Wer diese trotzdem in Anspruch nehmen möchte, muss tief in die eigene Tasche greifen. Denn alternative Heilsitzungen können schon pro Behandlung bis zu 50 Euro und mehr betragen. Zur Absicherung dieser Kosten gibt es für Menschen, die auf diese Heilmethoden schwören, verschiedene Zusatzversicherungen. Insbesondere der weibliche Teil der Bevölkerung vertraut vermehrt auf das Wissen und Können von Heilpraktikern. In den Preisen dieser Heilpraktiker-Zusatzversicherung spiegelt sich das in gewisser Weise wieder. So ist die Police für die Damenwelt meist doppelt so teuer wie für Männer. Welche Zusatzpolicen sinnvoll sind, lässt sich nur über einen genauen Vergleich herausfinden. Denn die Versicherer bieten oft einen Rundum-Schutz in Form von Versicherungspaketen an, die ein hohes Leistungsspektrum aufweisen.

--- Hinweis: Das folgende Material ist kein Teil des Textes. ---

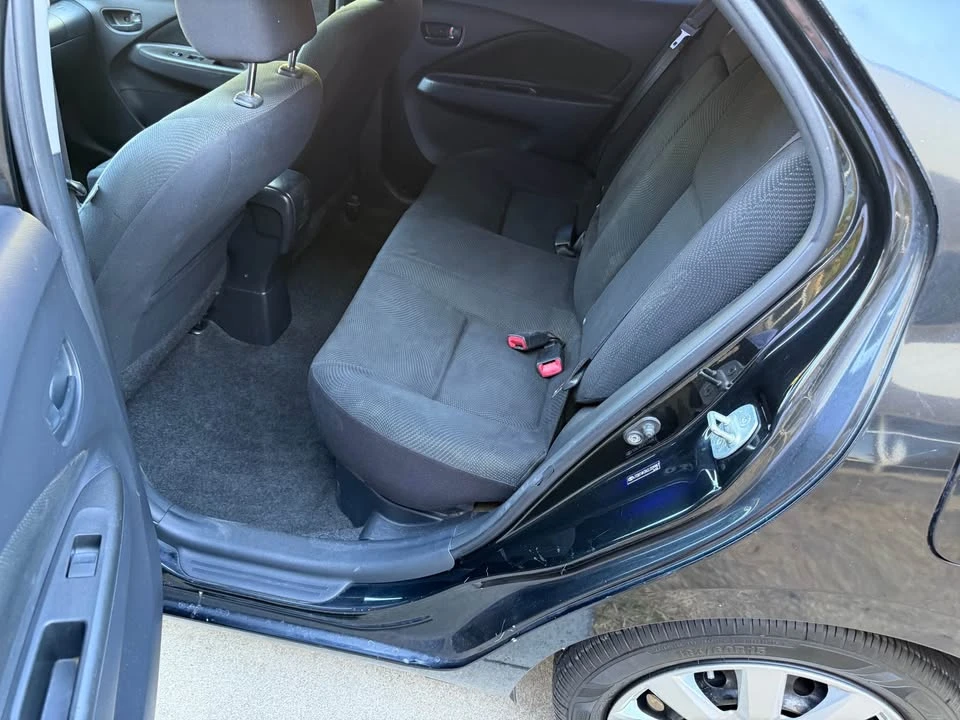 2012 Toyota Yaris - Image 13 of 15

Da hier auch Leistungen versichert sind, die mit dem Heilpraktiker nicht in Verbindung stehen (wie etwa Leistungen der Zahnzusatzversicherung, die Chefarztbehandlung, das Einzelzimmer im Krankenhaus usw.), sollte man immer prüfen, ob die versicherten Leistungen auch wirklich benötigt werden. Wer nur auf die Kostenerstattung der Naturheilkunde Wert legt, sollte bspw. keinen Tarif wählen, der auch Sehhilfen versichert. Denn Extra-Leistungen verteuern die Police nur unnötig. Hier heißt es also, gründlich die Angebote zu vergleichen.

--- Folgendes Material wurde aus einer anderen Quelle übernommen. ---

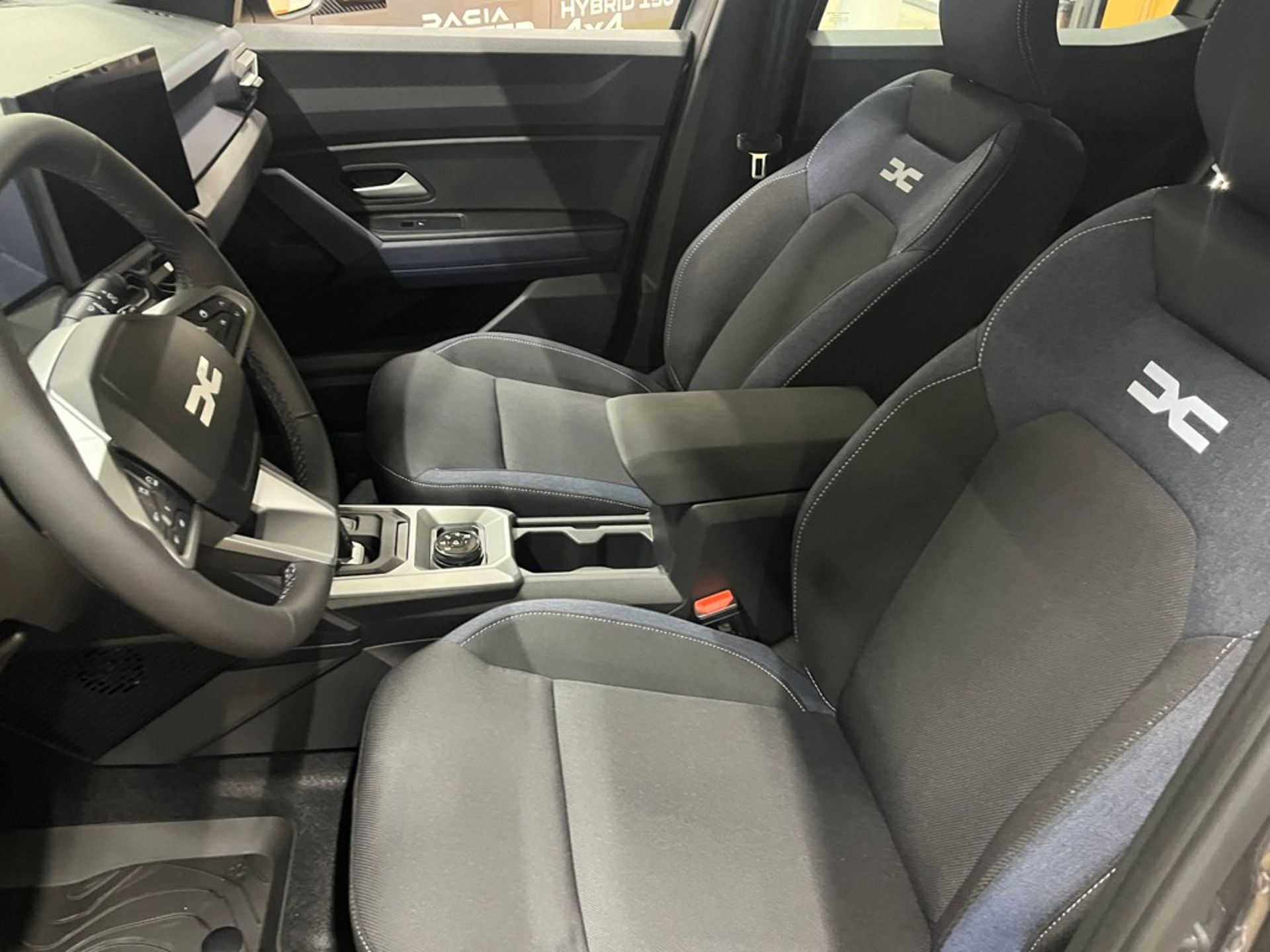 Dacia Duster hybrid-G 150 4x4 2026, bild 6/20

Allerdings lässt sich dies bei der hohen Vielfalt oft nur schwer bewerkstelligen. Deshalb sollten sich Versicherungskunden - bevor sie sich auf die Suche machen - über ihren wesentlichen Versicherungsbedarf im Klaren sein. Dabei sollte die Police gerade in den individuell wichtigen Bereichen leistungsstark sein und keinen bzw. kaum sonstigen unnötigen Ballast beinhalten. Verbraucherportale im Internet können hier eine große Hilfestellung sein.

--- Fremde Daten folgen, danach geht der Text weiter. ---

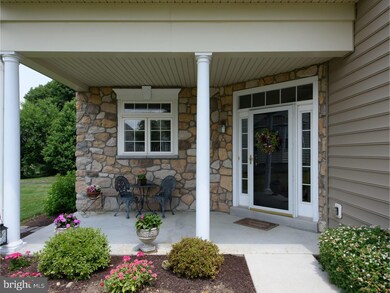 17 Summerlin Dr, Honey Brook, PA 19344 - photo 2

Hat man sich für eine Heilpraktiker-Police entschieden, dann sollte diese mindestens 70 Prozent der anfallenden Kosten auch übernehmen. Dabei muss der Versicherte darauf achten, ab wann die Leistungspflicht des Versicherers beginnt. Dies sollte, wenn möglich, nicht erst nach zwei Jahren geschehen. Daneben sollte die Zusatzpolice auch die Kosten für alternative Heilmethoden von einem Arzt übernehmen und nicht nur die Behandlung durch einen Heilpraktiker. Ein weiteres Kriterium für die Wahl einer Zusatzversicherung ist die Höhe der zu übernehmenden Kosten. Hier sollten nicht nur Minimalbeträge geltend gemacht werden können.
Daneben wirken sich Vorerkrankungen negativ auf die Leistungspflicht oder die Höhe der Beiträge aus. Aber auch hier ist eine ehrliche Beantwortung der Gesundheitsfragen wichtig. Bei Unehrlichkeit kann das sonst eine Leistungsverweigerung der Versicherer zur Folge haben.